Par Marek Zielinski
Recherche de Luz Garcia de Zielinski
Les insulaires sont les gens à part, pour plusieurs raisons. Il y a, tout d’abord, ce sentiment d’isolement, de découpage du reste du monde, mais aussi un désir de bâtir des ponts, de créer les liens avec ce monde qui n’est qu’une mince ligne foncée sur l’horizon. Les souvenirs de Marie-Laure Chevrier sont marqués par ce sentiment d’isolement : les Îles de la Madeleine étaient au temps de son enfance presque un désert culturel, où la vie s’écoulait à son propre rythme. Un livre fut rare, alors ceux qui y aboutissaient prenaient une importance capitale. C’est ainsi que Gabrielle Roy est entrée dans la vie de Marie-Laure, pour ne plus lui lâcher la main.

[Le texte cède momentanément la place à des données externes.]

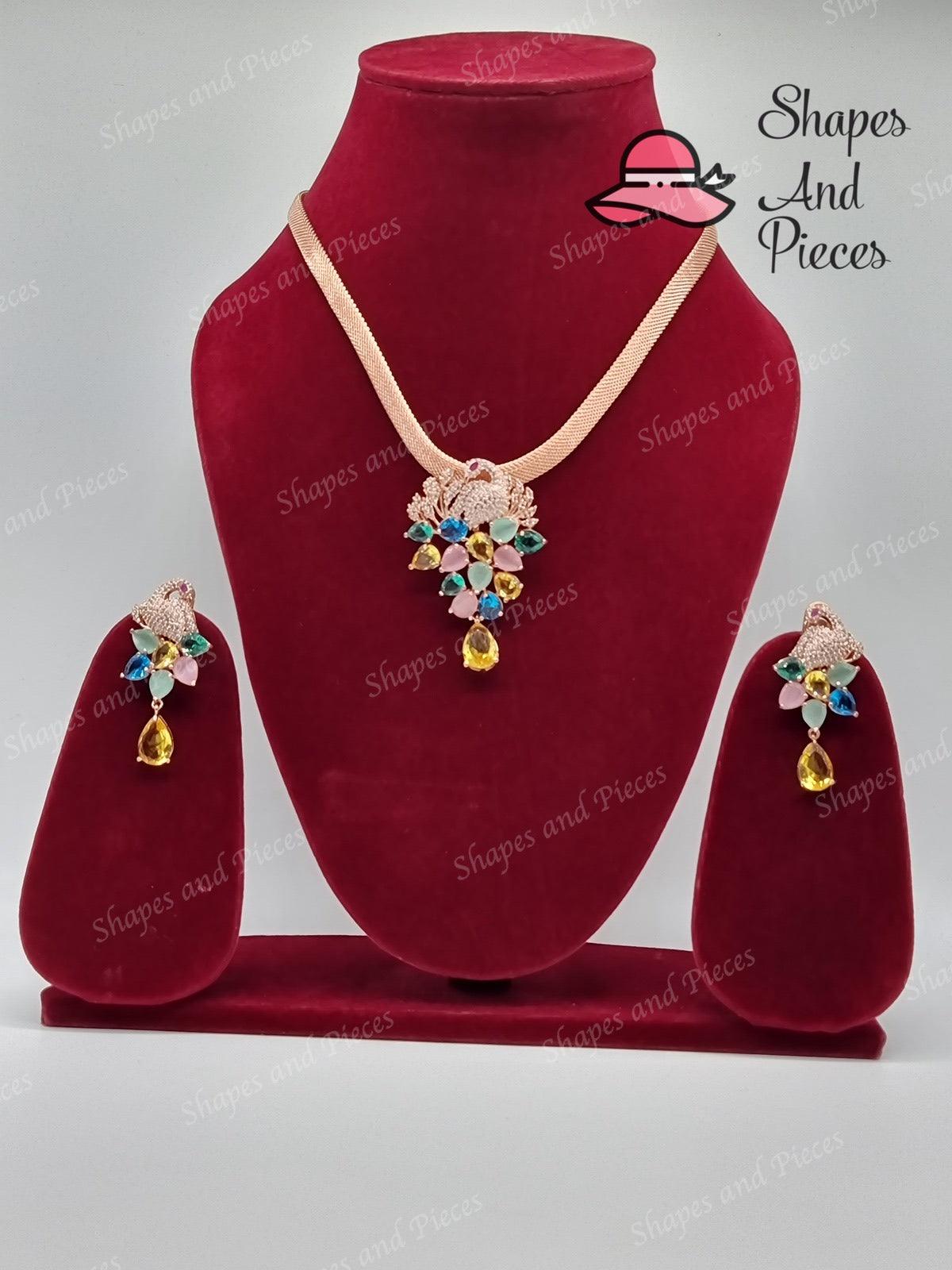 Xena Regal Necklace Set - Shapes and Pieces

Une femme qui a osé écrire, en faire son métier, voyager et s’affirmer – voilà de quoi enflammer l’imaginaire déjà vif de la jeune fille.
Marie-Laure fait son entrée dans la littérature de la manière la plus naturelle : par les lettres qu’elle échange avec sa sœur, partie faire des études sur la terre ferme. La seule exigence qu’elle s’impose, et qui lui permettra de peaufiner son style, est de ne pas ennuyer sa sœur. Depuis, comme son modèle, elle a osé écrire, voyager et à inspirer les autres, insulaires comme elle ou pas. Après des études aux États-Unis et une carrière de 23 ans en enseignement à Vancouver, Marie-Laure jette son ancre près du canal Lachine et ne cesse d’explorer son héritage madelinot, qu’elle découvre et enrichit en même temps. Son dernier ouvrage en date a un titre qui l’attache de manière ludique et créative à son île natale : Madeleinitude et acc’modages – ce goût d’être soi, aux Îles (Éditions de la Francophonie, 2021). C’est une exploration sur 200 pages de la manière de se définir Madelinot, dans un contexte qui évolue, qui dilue les identités, fait éclater les définitions parfois sclérosées pour extraire cette essence volage qui se dérobe à l’instant même qu’elle est dévoilée.
Pour aller partout, une œuvre doit venir de quelque part – voilà une citation qui sied bien à Marie-Laure et sa quête identitaire. L’esprit des îles existe bel et bien, elle l’incarne dans sa démarche et ses écrits, qui sont ses ponts à elle, ses mains tendues aux autres. C’est précisément ce partage qui constitue la grandeur de la littérature selon Marie-Laure : avoir un livre sous le bras, c’est comme tenir la main de l’autre, partager ses secrets et ses rêves, et ne plus jamais être seul, même dans son bout de la plus reculée des îles. Le dernier ouvrage de Marie-Laure Chevrier est disponible à la Librairie de Verdun (4750 Wellington) et à la librairie Livresse, dans la Petite-Bourgogne (2671 Notre-Dame Ouest).